Notice how much more reasonable a zealot can sound when chatting with an old classmate than when performing on the stump?

In his new role, Krinkie ranks among a sizeable cadre of professional political provocateurs. Their jobs are to kindle the biases that push Minnesotans into mutually mistrustful camps. They toss red meat to the most ideologically tilted of their allies -- often in an attempt to persuade them to write the fat donation checks that keep the raw words coming.

What they don't do is help solve complex public problems, like those that beset Minnesota's schools.

The fact is, Minnesotans have long had Cadillac ambitions and Chevy budgets for their public schools. Minnesota teachers' salaries hover around the national average. Growth in state outlays for schools in this decade has not kept pace with inflation.

Schools are pinched. But student achievement has held up reasonably well in much of the state, thanks to a veteran teaching corps and relatively homogeneous student bodies. Yet the imminent retirement of baby boomer teachers and the growing class and cultural diversity of students signal difficulty ahead. So does the need for an even better educated workforce, to stay prosperous in a global economy.

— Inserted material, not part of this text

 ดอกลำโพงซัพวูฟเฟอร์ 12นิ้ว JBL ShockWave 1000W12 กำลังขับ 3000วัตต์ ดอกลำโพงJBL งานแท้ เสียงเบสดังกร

More money for schools won't guarantee continued strong achievement. But less money almost certainly guarantees the opposite. Even Phil allows that "in some cases, reauthorization of levies is probably very necessary."

Both literally and figuratively, Krinkie is in the heating business. On Tuesday, Minnesota voters shouldn't be.

CORRECTION

Last week's column erred in saying that Indian deaths in the Dakota War of 1862 exceeded those of white settlers. While no exact Dakota casualty count exists, I heard last week from several historians who said Dakota losses during the five weeks of actual combat were closer to 50, while white deaths exceeded 500. The aftermath of the fighting, of course, was another matter. Thanks to those sharp readers for helping set this column straight.